> [Data below]
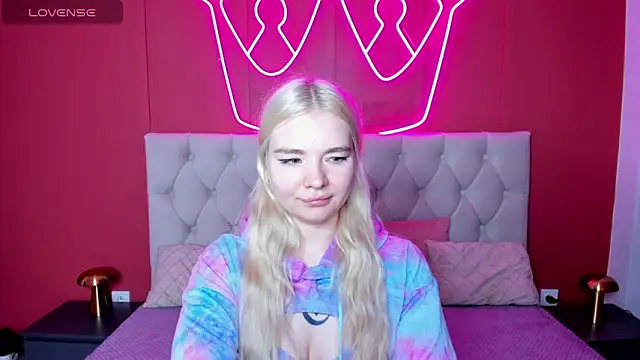 RuthBryant online show from September 2025 01:39:02 AM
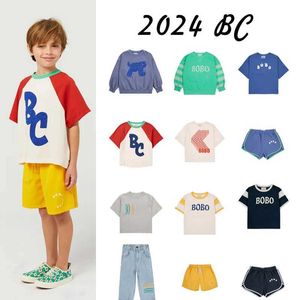 T-shirts Hot Sweatshirt Childrens Set 2024 Spring New Product Series Boys and Girls T-Shirt Hoodie and Pants Set Series Tops Bottsl2405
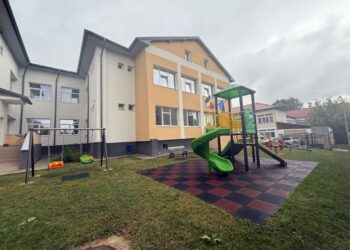 Lucrările de reabilitare și modernizare la Grădinița Specială Fălticeni, recepționate. La grădiniță învață 105 copii cu dizabilități. Lucrările beneficiază de o garanție de 60 de luni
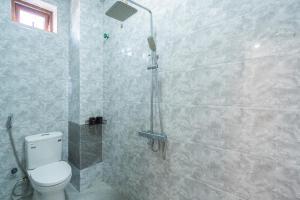 Ένα μπάνιο στο NaFaLa Homestay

> [Exercise instructions] Each line from the one containing "T-shirts Hot Sweatshirt" through the last line above should be retyped exactly, and no other line. Any picture is to be left out.

> [Solved problem]
 T-shirts Hot Sweatshirt Childrens Set 2024 Spring New Product Series Boys and Girls T-Shirt Hoodie and Pants Set Series Tops Bottsl2405
 Lucrările de reabilitare și modernizare la Grădinița Specială Fălticeni, recepționate. La grădiniță învață 105 copii cu dizabilități. Lucrările beneficiază de o garanție de 60 de luni
 Ένα μπάνιο στο NaFaLa Homestay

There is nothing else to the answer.